(Exercise material begins)
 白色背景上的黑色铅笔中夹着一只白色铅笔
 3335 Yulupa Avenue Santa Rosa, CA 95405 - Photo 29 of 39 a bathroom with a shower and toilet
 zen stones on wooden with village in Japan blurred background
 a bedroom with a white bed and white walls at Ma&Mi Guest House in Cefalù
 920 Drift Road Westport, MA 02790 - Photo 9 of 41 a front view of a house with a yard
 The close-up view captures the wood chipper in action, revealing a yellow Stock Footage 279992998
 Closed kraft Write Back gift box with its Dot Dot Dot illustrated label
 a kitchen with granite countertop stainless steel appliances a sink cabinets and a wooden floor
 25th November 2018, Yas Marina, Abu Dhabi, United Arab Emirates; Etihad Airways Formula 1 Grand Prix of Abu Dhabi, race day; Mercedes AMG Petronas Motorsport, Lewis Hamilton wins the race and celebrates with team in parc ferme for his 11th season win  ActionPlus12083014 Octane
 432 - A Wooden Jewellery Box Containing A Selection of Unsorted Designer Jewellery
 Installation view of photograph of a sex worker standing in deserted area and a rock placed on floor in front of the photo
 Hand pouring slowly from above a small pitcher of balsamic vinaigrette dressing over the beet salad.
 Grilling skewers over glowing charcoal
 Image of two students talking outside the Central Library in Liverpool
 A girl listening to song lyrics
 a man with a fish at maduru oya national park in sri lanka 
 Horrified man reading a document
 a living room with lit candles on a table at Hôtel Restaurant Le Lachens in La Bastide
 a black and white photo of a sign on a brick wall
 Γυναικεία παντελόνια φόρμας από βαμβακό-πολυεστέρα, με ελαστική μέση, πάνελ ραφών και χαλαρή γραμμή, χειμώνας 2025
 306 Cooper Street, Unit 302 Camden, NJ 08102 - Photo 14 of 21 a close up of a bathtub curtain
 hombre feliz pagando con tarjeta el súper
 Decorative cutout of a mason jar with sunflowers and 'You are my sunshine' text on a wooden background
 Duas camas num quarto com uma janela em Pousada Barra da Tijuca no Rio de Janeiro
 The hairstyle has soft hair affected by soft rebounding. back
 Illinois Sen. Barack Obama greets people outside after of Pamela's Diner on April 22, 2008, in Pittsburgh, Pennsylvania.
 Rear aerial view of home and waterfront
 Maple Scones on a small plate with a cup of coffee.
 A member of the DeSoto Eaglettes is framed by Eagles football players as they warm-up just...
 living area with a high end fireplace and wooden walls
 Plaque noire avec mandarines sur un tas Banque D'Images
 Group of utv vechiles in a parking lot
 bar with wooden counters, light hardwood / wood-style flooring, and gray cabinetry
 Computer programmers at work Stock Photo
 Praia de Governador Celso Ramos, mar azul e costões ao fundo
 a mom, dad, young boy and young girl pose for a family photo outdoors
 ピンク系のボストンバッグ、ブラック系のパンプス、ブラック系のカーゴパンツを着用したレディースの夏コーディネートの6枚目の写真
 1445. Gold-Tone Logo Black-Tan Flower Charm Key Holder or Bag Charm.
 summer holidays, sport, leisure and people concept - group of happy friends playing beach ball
(Exercise material ends)
_Exercise directions_: Output the lines above exactly, but only those between the line holding "Computer programmers at work Stock Photo" and the line holding "1445. Gold-Tone Logo", inclusive.

_Exercise result_:
 Computer programmers at work Stock Photo
 Praia de Governador Celso Ramos, mar azul e costões ao fundo
 a mom, dad, young boy and young girl pose for a family photo outdoors
 ピンク系のボストンバッグ、ブラック系のパンプス、ブラック系のカーゴパンツを着用したレディースの夏コーディネートの6枚目の写真
 1445. Gold-Tone Logo Black-Tan Flower Charm Key Holder or Bag Charm.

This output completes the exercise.